Some of the migrants had initially believed they had arrived
in Malaysia.

The refugees were being held in a gymnasium in the town of
Lhoksukon, about 20 km (12 miles) from where they were brought
ashore.

Mohammad Kasim, a Bangladeshi migrant on one of the boats,
told Reuters that each passenger paid 4,400 ringgit ($1,200) for
the journey to what they thought would be Malaysia. Three people
died on the journey and were dumped in the sea, he said.

"We are hearing the passengers were left close to shore and
were told that this is Malaysia and you got what you paid for.
They came onshore and found out it wasn't Malaysia," said Mark
Getchell, head of the International Organization for Migration
in Indonesia.

An agency official estimated that around 300 people had died
at sea in the first quarter of this year as a result of
starvation, dehydration and abuse by boat crews.
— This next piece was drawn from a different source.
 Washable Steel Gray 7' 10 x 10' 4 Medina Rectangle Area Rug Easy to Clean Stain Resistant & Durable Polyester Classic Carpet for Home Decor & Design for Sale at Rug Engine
Kasim, 44, said he had left the Bangladesh town of Bogra a
month ago on a small boat with 30-40 other people in the hope of
finding a job in Malaysia. An agency in Bogra helped arrange the
trip.

"Before, I worked in Malaysia for three years in
construction when I was 16. I wanted to go back because it is
very difficult to find work in Bangladesh," Kasim, speaking in
Malay, told Reuters.

After leaving Bogra, they arrived at a Thai beach where he
said they stayed for 21 days before leaving on a larger ship
with hundreds of passengers.

"I didn't know where I was but I was on the beach," Kasim
said.

(Additional reporting by Amy Sawitta Lefevre and Aubrey Belford
in Bangkok; Writing by Nick Macfie; Editing by Raju
Gopalakrishnan)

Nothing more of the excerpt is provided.